Try it: Send back the line that contains "2026 Honda Crf300lrat" and all lines following it through the end of the data below, exactly, omitting pictures.

(Scraped caption text data)
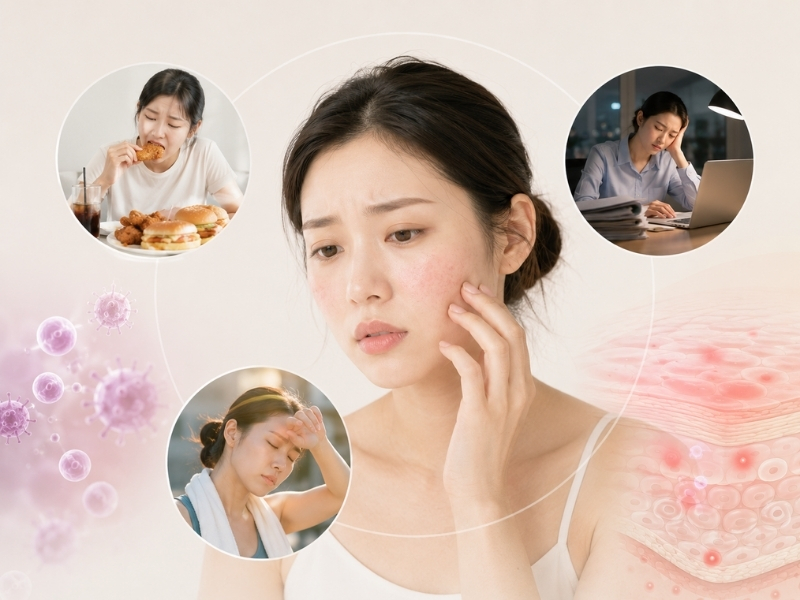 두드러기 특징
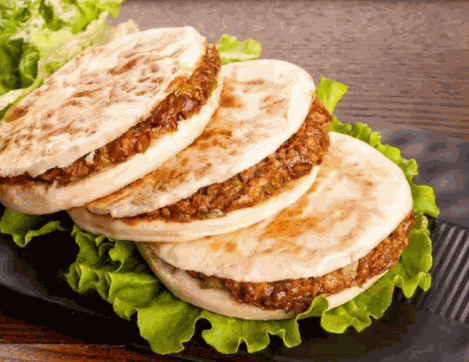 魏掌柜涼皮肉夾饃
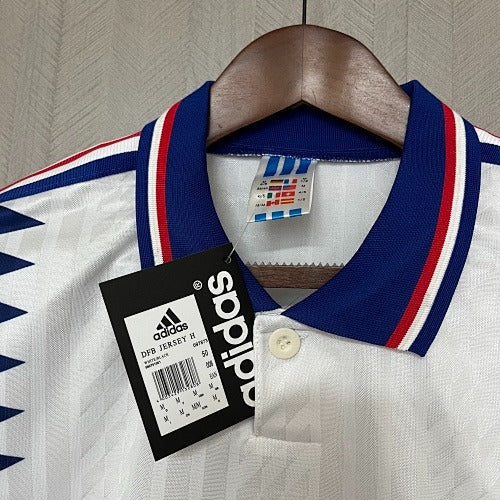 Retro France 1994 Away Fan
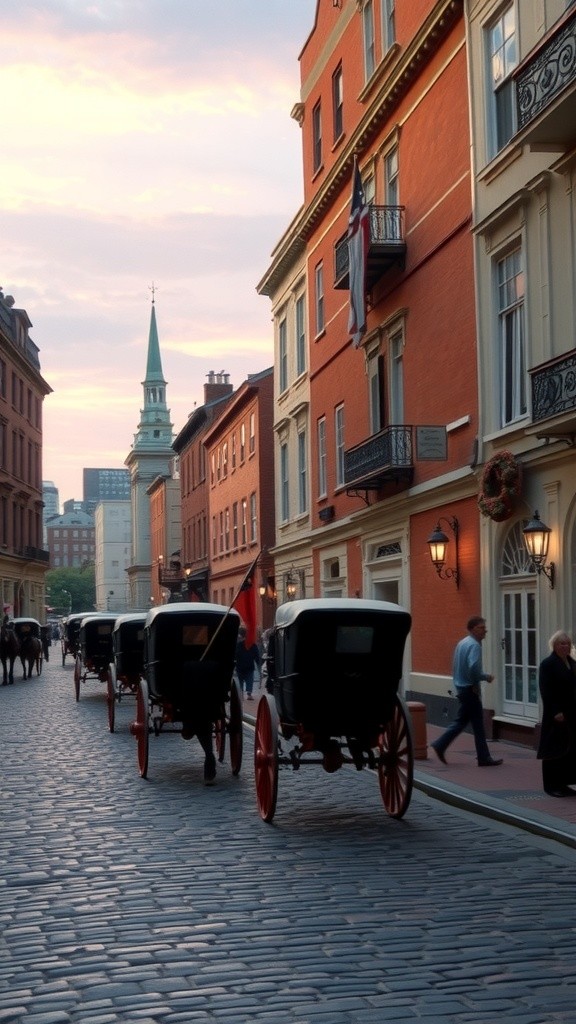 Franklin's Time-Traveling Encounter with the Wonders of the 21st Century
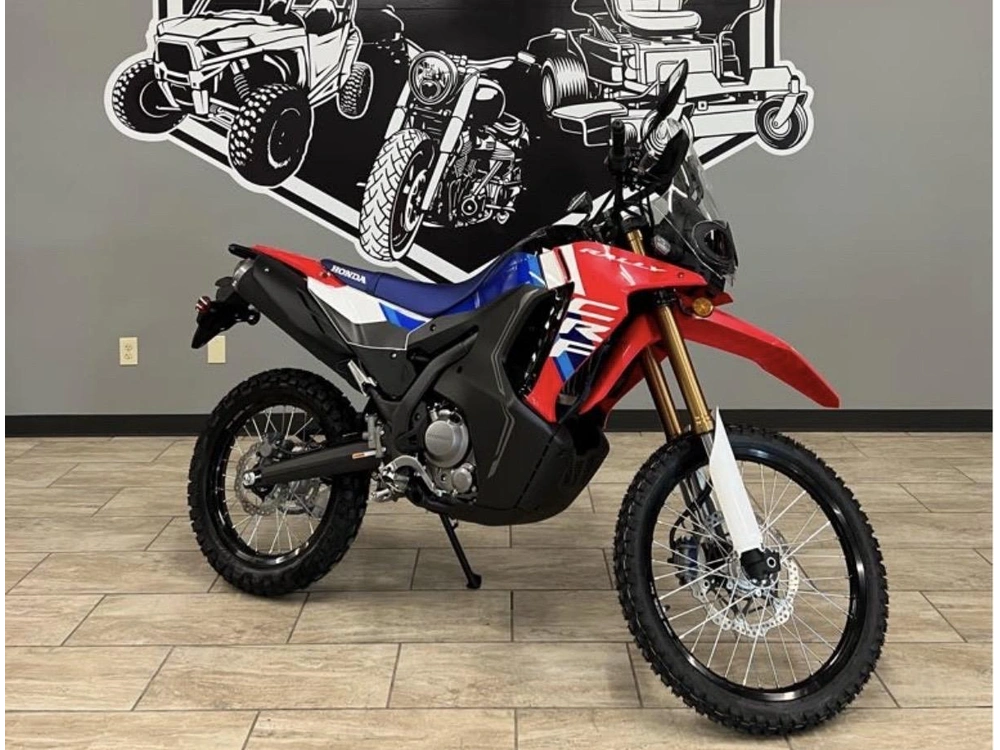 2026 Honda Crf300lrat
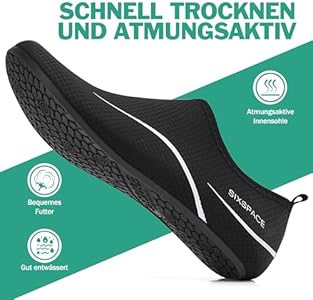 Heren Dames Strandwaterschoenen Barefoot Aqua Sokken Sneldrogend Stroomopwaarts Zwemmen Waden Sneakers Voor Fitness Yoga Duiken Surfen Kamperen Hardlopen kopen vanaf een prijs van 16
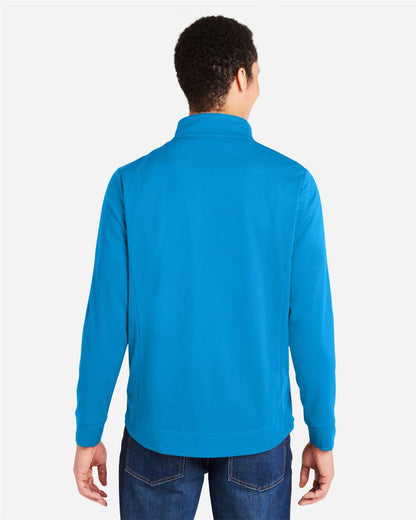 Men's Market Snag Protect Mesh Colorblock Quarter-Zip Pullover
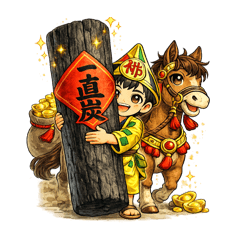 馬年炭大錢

Task solution:
 2026 Honda Crf300lrat
 Heren Dames Strandwaterschoenen Barefoot Aqua Sokken Sneldrogend Stroomopwaarts Zwemmen Waden Sneakers Voor Fitness Yoga Duiken Surfen Kamperen Hardlopen kopen vanaf een prijs van 16
 Men's Market Snag Protect Mesh Colorblock Quarter-Zip Pullover
 馬年炭大錢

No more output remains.